THE TASK: Reproduce the full listing as it stands. Images do not belong in the copy.

DATA UNDER STUDY:
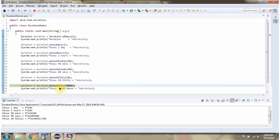Then I am calling the minusNanos method and passing 70,000, so 70,000 nanoseconds will be subtracted from the duration.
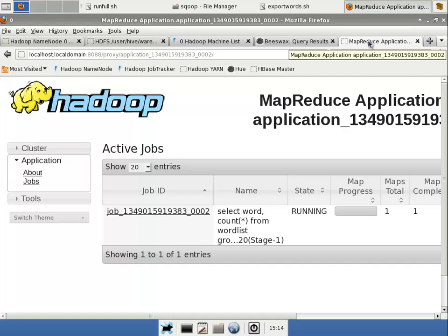In the last lesson, we exported some data from the Hadoop cluster into SQL Server, and in this lesson we're going to do kind of the opposite of importing some data from SQL Server and putting it into the HDFS file system that Hadoop manages.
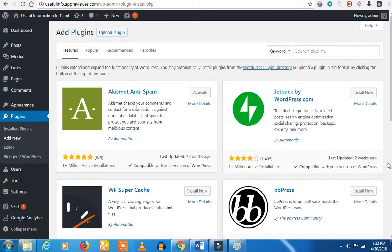Good morning. We are going to activate the plugins, or the new plugins. In the last video, we are going to activate the SEO plugin. We are going to activate the settings and the new settings.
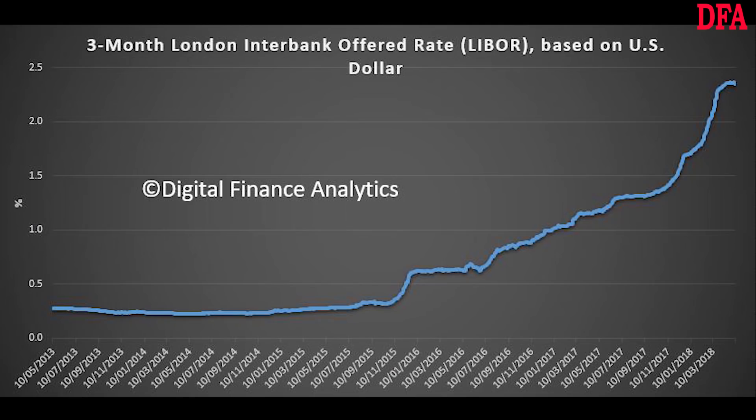The cost of money continues to rise, and this includes the LIBOR benchmark rate, as shown by this chart. LIBOR, or ICE LIBOR, previously BBA LIBOR, is a benchmark rate that some of the world's leading banks charge each other for short-term loans. As it climbs, it signals rate rises ahead. But what is LIBOR? And more importantly, will it survive?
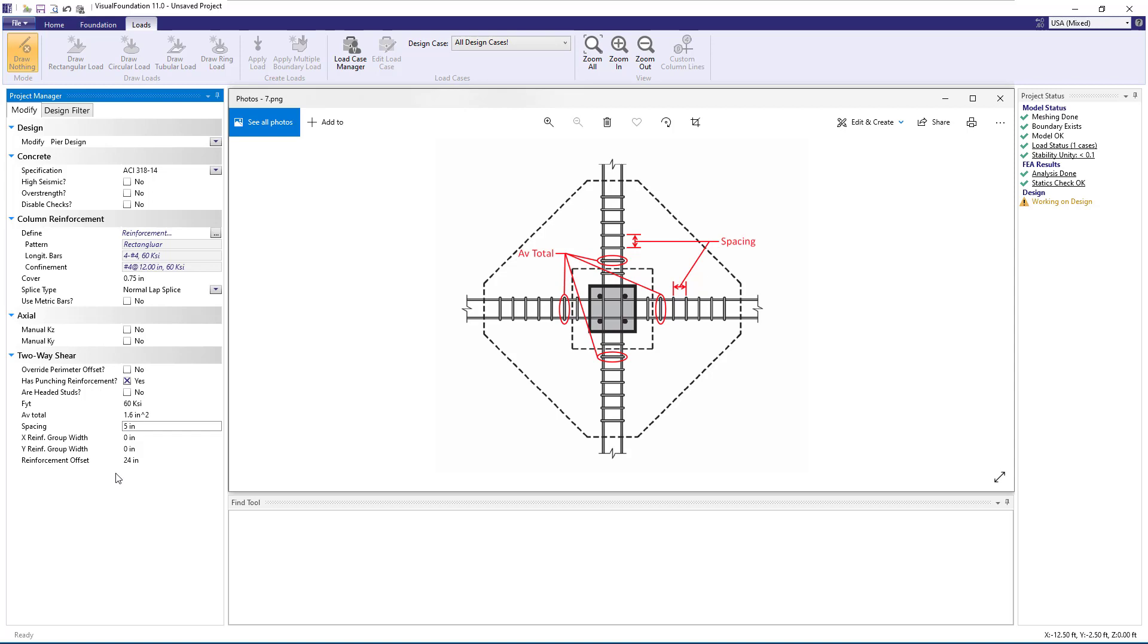Next, we'll enter the spacing for the peripheral line of shear reinforcement. The X reinforcement group width is the width of the stud or stirrup reinforcement oriented in the global X direction, while the Y reinforcement group width is the width of the stud or stirrup reinforcement oriented in the global Y direction.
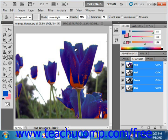You can go back in and change your blending mode, change your opacity, change your tolerance, and play around until you get your desired effect.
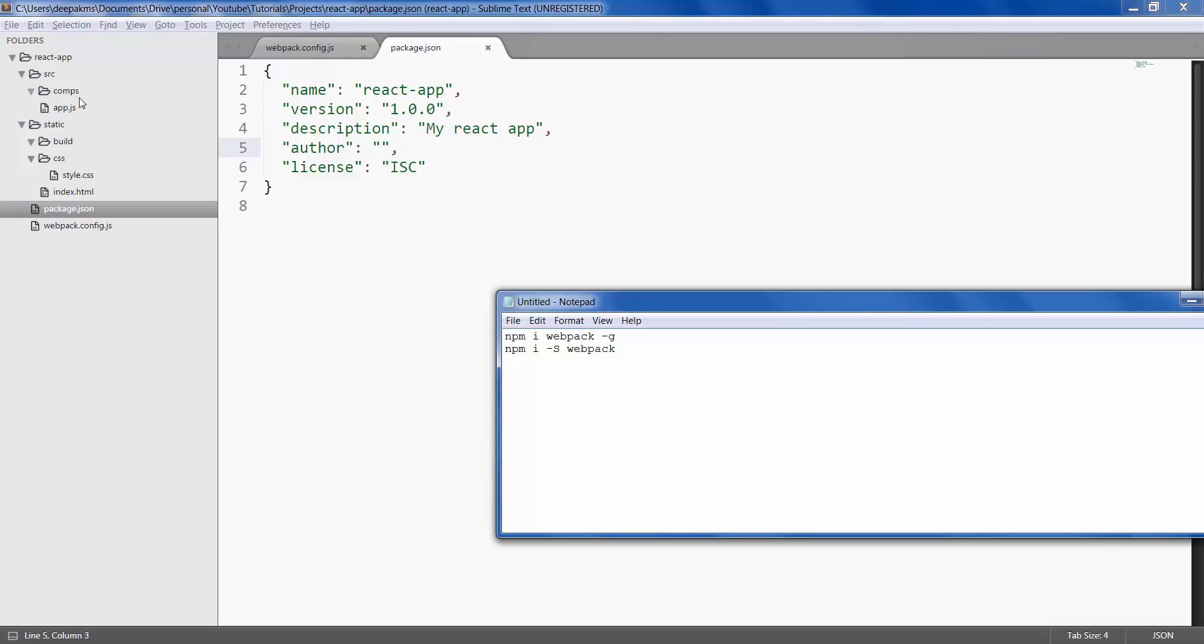But what this does is it installs the package locally within this project folder and updates the json file along with the package name and its respective version number. This is the best practice that we should be following - we should not be installing any dependencies or packages globally so that users will get to know what packages are dependent on this particular project.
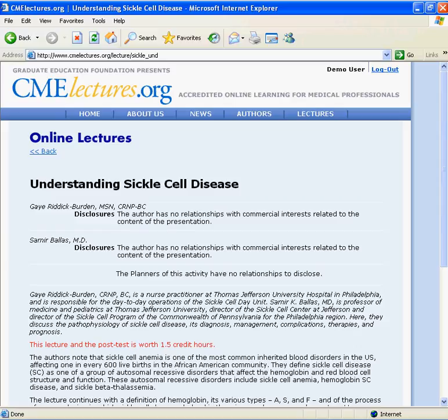Welcome to the Graduate Education Foundation tour of the program, a three-part demonstration of the CMElectures.org and CElectures.org sites. Part 3: Viewing a Lecture and Obtaining Credits.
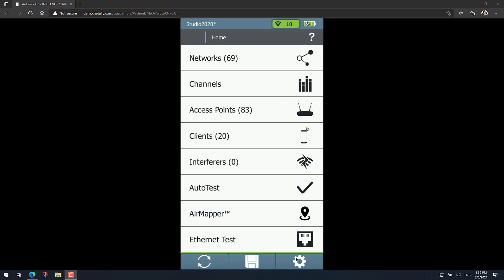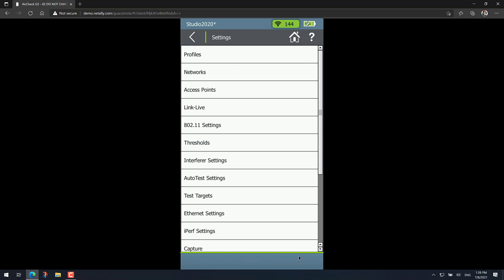First, just go to settings, the cogwheel on the lower right of the screen. After that, when you get to the settings section, find the 802.11 settings option.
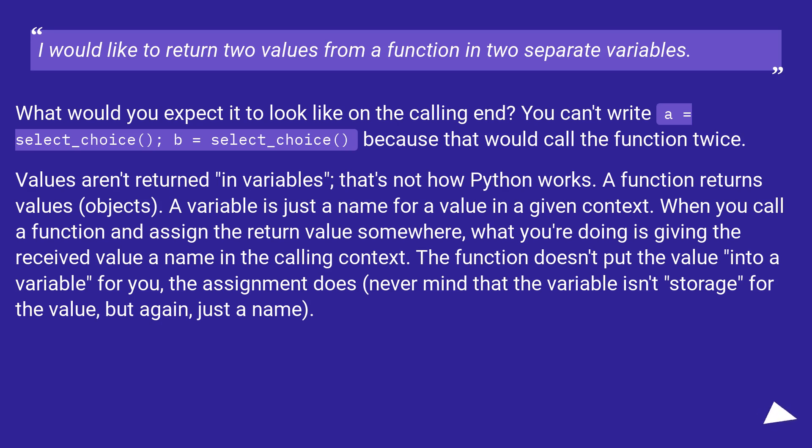Values aren't returned in variables. That's not how Python works. A function returns values, objects. A variable is just a name for a value in a given context.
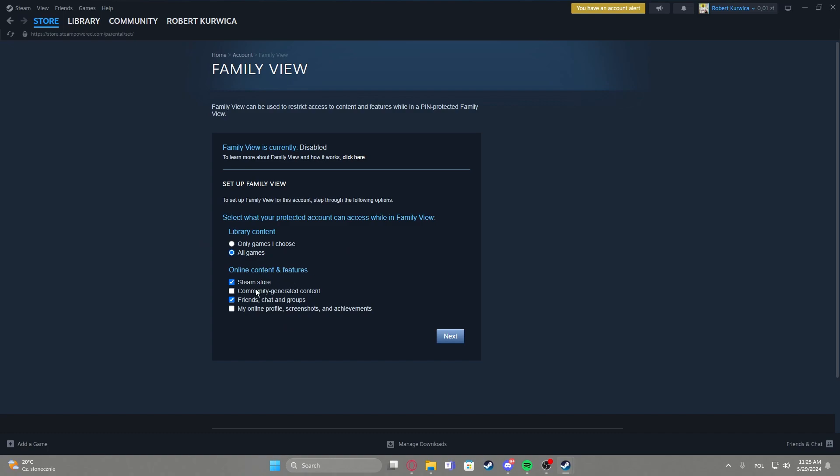You can also select online content and features like the Steam store, community generated content, friends, chat and groups, my online profile, screenshots and achievements.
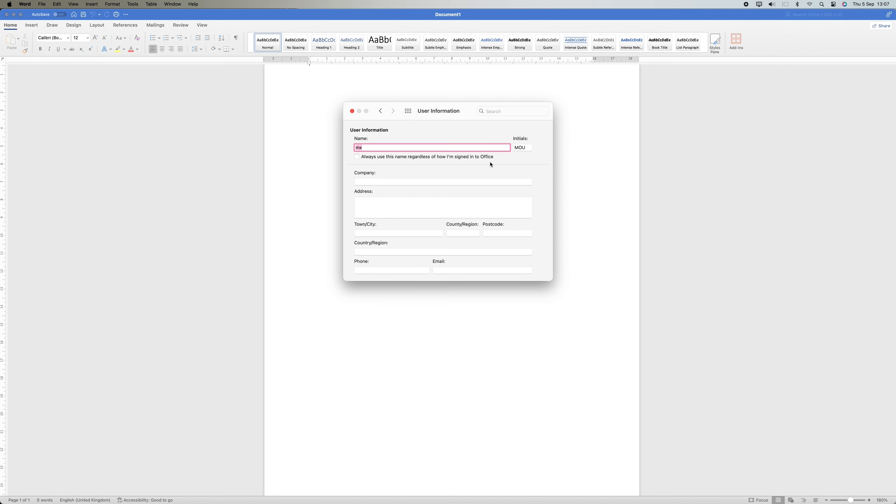That's how to modify your username in Microsoft Word to track changes. Thank you for watching. If this video was helpful, please leave a like and subscribe to my channel for more videos like this and click on that notification bell to never miss an update.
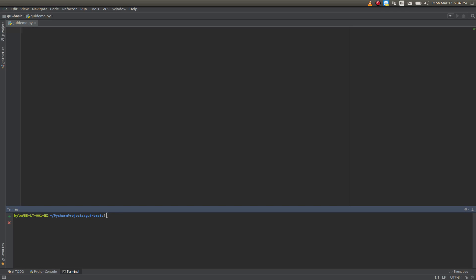Hey everybody, thanks for checking out my video. In this tutorial I'm just going to go through creating a basic username and password entry box. It's going to be written in Python using tkinter for the user interface.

RESPONSE TO THIS EXERCISE:
Then I am calling the minusNanos method and passing 70,000, so 70,000 nanoseconds will be subtracted from the duration.
In the last lesson, we exported some data from the Hadoop cluster into SQL Server, and in this lesson we're going to do kind of the opposite of importing some data from SQL Server and putting it into the HDFS file system that Hadoop manages.
Good morning. We are going to activate the plugins, or the new plugins. In the last video, we are going to activate the SEO plugin. We are going to activate the settings and the new settings.
The cost of money continues to rise, and this includes the LIBOR benchmark rate, as shown by this chart. LIBOR, or ICE LIBOR, previously BBA LIBOR, is a benchmark rate that some of the world's leading banks charge each other for short-term loans. As it climbs, it signals rate rises ahead. But what is LIBOR? And more importantly, will it survive?
Next, we'll enter the spacing for the peripheral line of shear reinforcement. The X reinforcement group width is the width of the stud or stirrup reinforcement oriented in the global X direction, while the Y reinforcement group width is the width of the stud or stirrup reinforcement oriented in the global Y direction.
You can go back in and change your blending mode, change your opacity, change your tolerance, and play around until you get your desired effect.
But what this does is it installs the package locally within this project folder and updates the json file along with the package name and its respective version number. This is the best practice that we should be following - we should not be installing any dependencies or packages globally so that users will get to know what packages are dependent on this particular project.
Welcome to the Graduate Education Foundation tour of the program, a three-part demonstration of the CMElectures.org and CElectures.org sites. Part 3: Viewing a Lecture and Obtaining Credits.
First, just go to settings, the cogwheel on the lower right of the screen. After that, when you get to the settings section, find the 802.11 settings option.
Values aren't returned in variables. That's not how Python works. A function returns values, objects. A variable is just a name for a value in a given context.
You can also select online content and features like the Steam store, community generated content, friends, chat and groups, my online profile, screenshots and achievements.
That's how to modify your username in Microsoft Word to track changes. Thank you for watching. If this video was helpful, please leave a like and subscribe to my channel for more videos like this and click on that notification bell to never miss an update.
Hey everybody, thanks for checking out my video. In this tutorial I'm just going to go through creating a basic username and password entry box. It's going to be written in Python using tkinter for the user interface.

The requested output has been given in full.